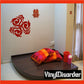 Red interlocking bird decal with ornate swirl pattern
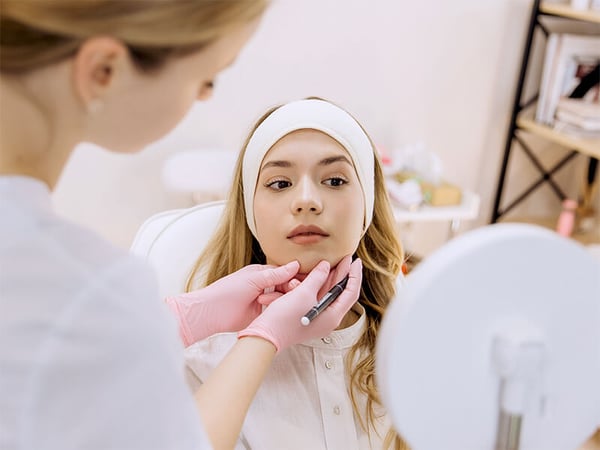 Woman receiving a consultation from an aesthetics expert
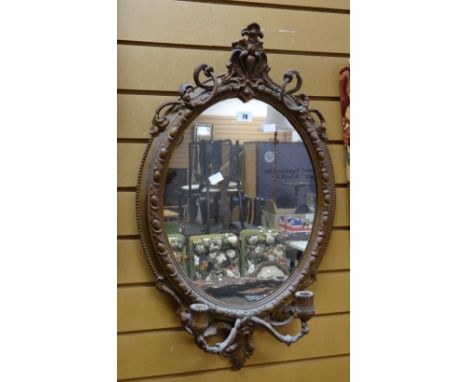 An antique gilt framed oval wall mirror with candle sconce base, 73cms high Condition reports provided on request by email fo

________

**PROBLEM**
Could you reproduce all of the data above exactly and skip any image?

**EXPECTED OUTPUT**
 Red interlocking bird decal with ornate swirl pattern
 Woman receiving a consultation from an aesthetics expert
 An antique gilt framed oval wall mirror with candle sconce base, 73cms high Condition reports provided on request by email fo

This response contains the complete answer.